== Work instructions ==
In your answer, set down the records below exactly as they stand, omitting pictures.
[Opening Given records section]
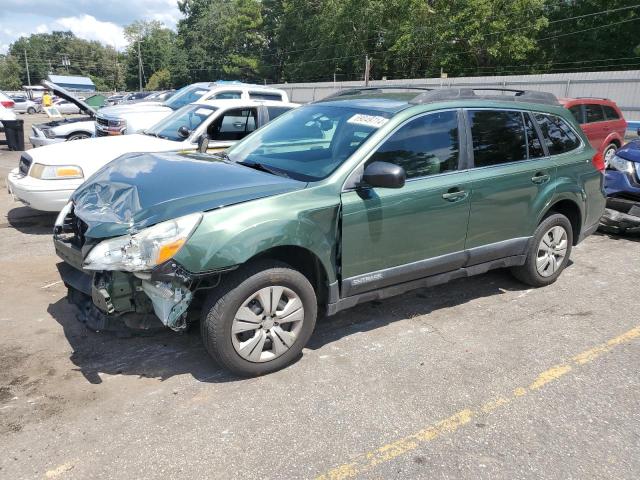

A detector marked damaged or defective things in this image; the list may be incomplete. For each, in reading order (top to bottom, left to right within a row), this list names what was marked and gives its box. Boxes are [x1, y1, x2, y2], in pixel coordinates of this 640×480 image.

crushed hood [41, 79, 95, 118]
broken headlight [604, 155, 636, 175]
crushed hood [616, 141, 640, 165]
crushed hood [73, 152, 304, 238]
broken headlight [83, 213, 202, 272]
damaged green subaru outback [53, 88, 604, 376]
[Closing Given records section]
== Worked solution ==
A detector marked damaged or defective things in this image; the list may be incomplete. For each, in reading order (top to bottom, left to right within a row), this list names what was marked and gives its box. Boxes are [x1, y1, x2, y2], in pixel coordinates of this 640×480 image.

crushed hood [41, 79, 95, 118]
broken headlight [604, 155, 636, 175]
crushed hood [616, 141, 640, 165]
crushed hood [73, 152, 304, 238]
broken headlight [83, 213, 202, 272]
damaged green subaru outback [53, 88, 604, 376]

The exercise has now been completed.